Doc. Nos. 38 ¶ 156; 40-1 at 10-12.

These statements are also forward-looking statements reflecting the speaker's opinions about the potential for business growth and therefore not actionable under the PSLRA, absent any showing that there was no reasonable basis for such statements. See In re Int'l Bus. Mach. Corp. Sec. Litig., 163 F.3d 102, 109 (2d Cir. 1998) (" An opinion may . . . be actionable . . . if it is without a basis in fact . . . . [Or if] the speakers were aware of any facts undermining the accuracy of these statements" ). Compare Doc. Nos. 38 ¶ 156; 40-1 at 10-11 (" [W]e are looking forward to strong fall enrollment and a great 2013-2014 school year." ); with In re Trex Co., Inc. Sec. Litig., 454 F.Supp.2d 560, 576-77 (W.D. Va. 2006) (CEO's statement " that he 'expect[ed]' 20-25% revenue and earnings growth" was not actionable because " expectations are not guarantees" ). That showing has not been made on the record before the Court.

Plaintiff takes issue with the statement that " [o]bviously, this year has exceeded our expectations," but that statement is referring to the results of FY13 and " new states and cap expansions" that occurred in FY13, none of which is claimed to be misrepresented; and the facts alleged would not allow in any event the required inferences of either falsity or scienter with respect to that statement. Finally, Plaintiff relies on Packard's statement that additional cap expansion would take place by July and that " certainly by early August everything is [wrapped] down' in terms of recruiting and enrollment," Doc. Nos. 38 at ¶ 156; 40-1 at 12.[8] Here, Packard is answering a question concerning when K12 would know with certainty that within a given state, there is a cap expansion or a new school available for enrollments, not when K12's particular enrollments would be finalized. There are no facts that would support a claim of falsity or scienter with respect to his statements.

6. Looking at our marketing and enrollment performance, our internally tracked in-year withdrawal rate for our managed public schools was down 1.4% compared to the prior year quarter. Our cost per acquisition was down 2.6% compared to the prior year quarter, aided by the implementation of further SCO improvements and more robust display advertising, auditing, and attribution analytics to strengthen our marketing signs and improve efficiency and yield.
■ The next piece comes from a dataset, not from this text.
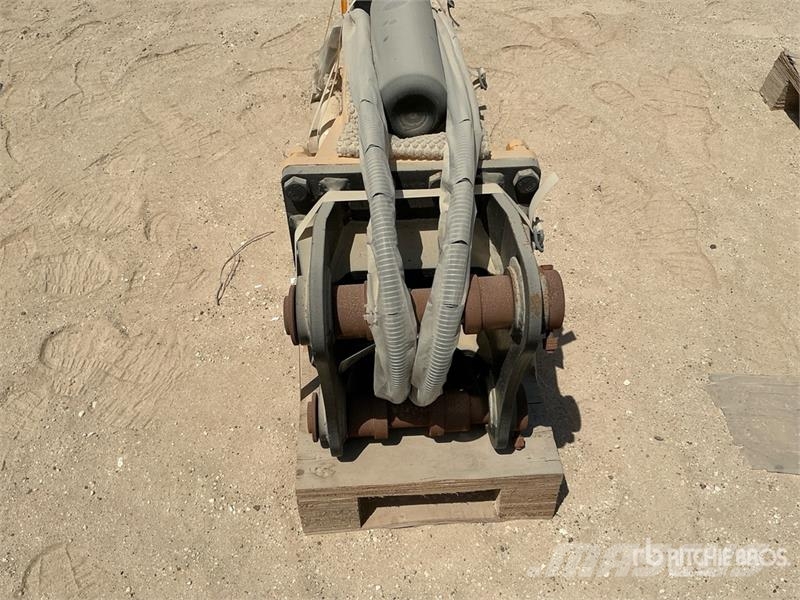 SDCH 680 Hydraulic Breaker - Fits 4 - 7 ton excava Martillos hidráulicos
We also began testing in a variety of ways to better respond to our families, including extended weekday and weekend hours and click to chat. These actions are all indicative of our efforts to drive greater operational excellence in our marketing efforts.

Doc. Nos. 38 ¶ 160; Doc. No. 40-1 at 12-13.

Based on post-period statements that K12 started its promotional program later that it should have and did not react quickly enough to changes that occurred during the enrollment season to reallocate resources effectively, plaintiff contends it was false or misleading for Murray to state that K12 had implemented heightened

Page 725

auditing and market science techniques to improve " enrollment performance" and had taken steps to achieve and " drive greater operational excellence in [its] marketing efforts." Doc. Nos. 38 at ¶ ¶ 16, 161; 40-6 at 3. Here, Murray's statements are nothing more than a FY13 year-to-date assessment of performance. There is no claim that during FY13 K12 did not, in fact, do anything Murray mentioned or for the purposes mentioned. Rather, it contends that these statements were false and misleading in light of K12's post-period assessment of its experience and performance during the first quarter of FY14. There is nothing in the post-period statements that allow the required inferences of falsity or scienter as to Murray's statements made in May 2013.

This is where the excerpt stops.